Building a design system for designers means nothing if designers can't actually use it. We tested Umami by asking product designers in our personal networks to attempt a real task: recreate a Weee! product page using only the Umami Figma UI kit.


What we learned:

The most consistent friction point wasn't missing components. It was naming. Designers searched for things using different words than we had used to label them.
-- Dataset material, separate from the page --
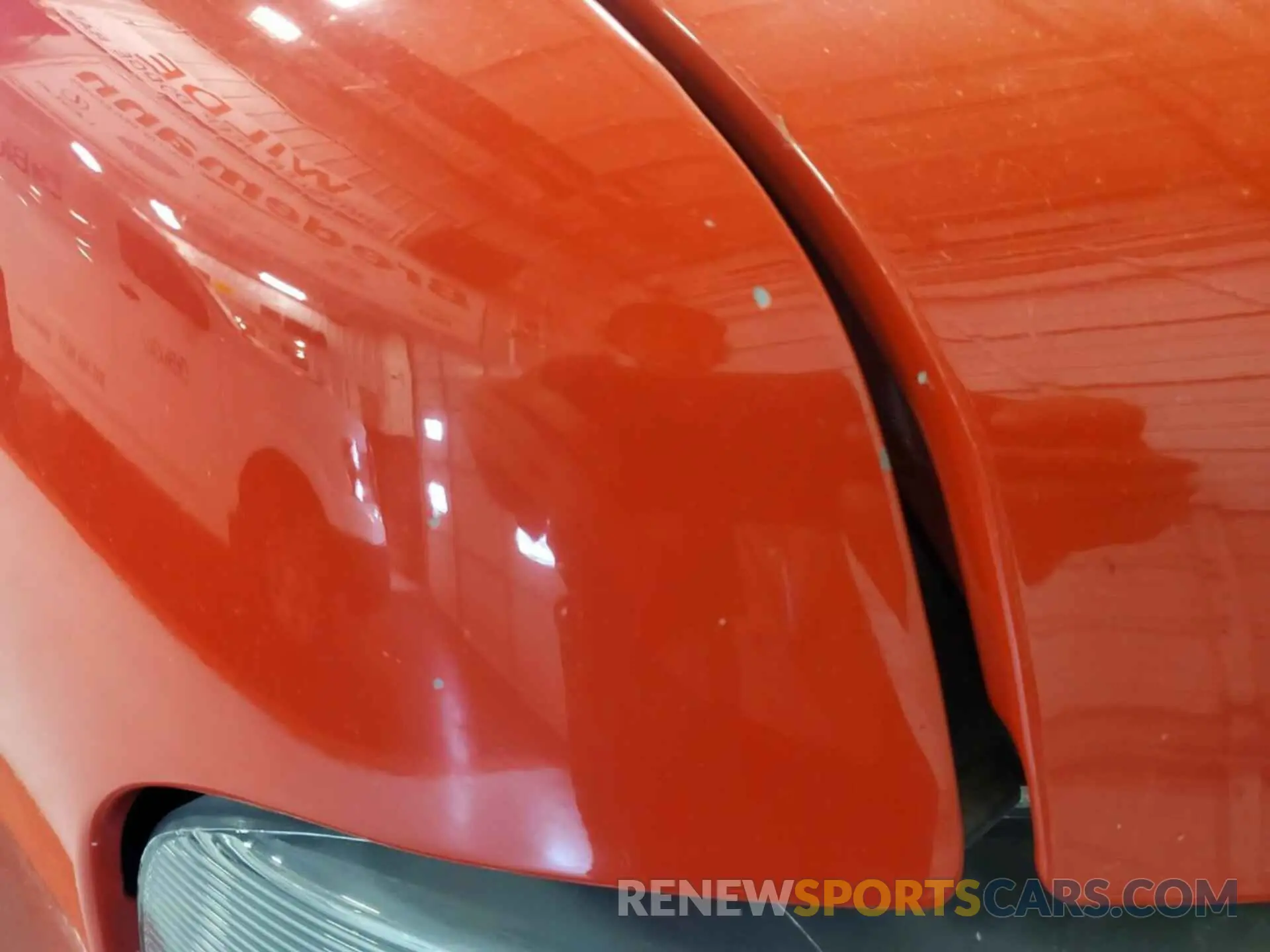 20 Photograph of a damaged car 1GTZ7GFP4K1336490 GMC SAVANA 2019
Someone looking for a 'tag' searched for 'tab'. Someone looking for 'search' typed 'input'.

We also learned how more drag-and-drop components could be created since designers prefer working with ready-made elements that can quickly enable them to create screens.

Some key changes:

  1. Separated out Nav Menu from tab bar to make it easier to udnerstand

  2. Coupled "Search" as a variant inside "input" components

  3. Drag-and-Drop elements

    1. Created "Header" as a component by itself, instead of expecting designers to build it themselves

    2. Created a universal component for carousels across the product (it can accomodate banners, cards, tab groups etc.)

    3. Linear gradient for the Nav menu to stay be use with (this is a big part of the Weee! app and did not exist in our first version)

Final deliverables

Umami – A design system with documentation

After a couple of iterations, we could reap the benefits of the design system. Watch how a designer is able to build an entire screen in less than a minute, that's the magic!

We also included documentation for easier onboarding for new designers joining the team. This saves a lot of time in KT and designers begin their work feeling supported and more confident than ever before!

Wrapping up!

Pitching Umami to encourage adoption

Through our pitch deck, we clearly communicated why a design system matters for a product at Weee!'s scale, one actively expanding into new markets and serving millions of users across cultures. The presentation walked stakeholders through the fragmentation Umami was built to solve, the business case for consistency and accessibility, and how Umami could evolve as a living system alongside Weee!'s growth.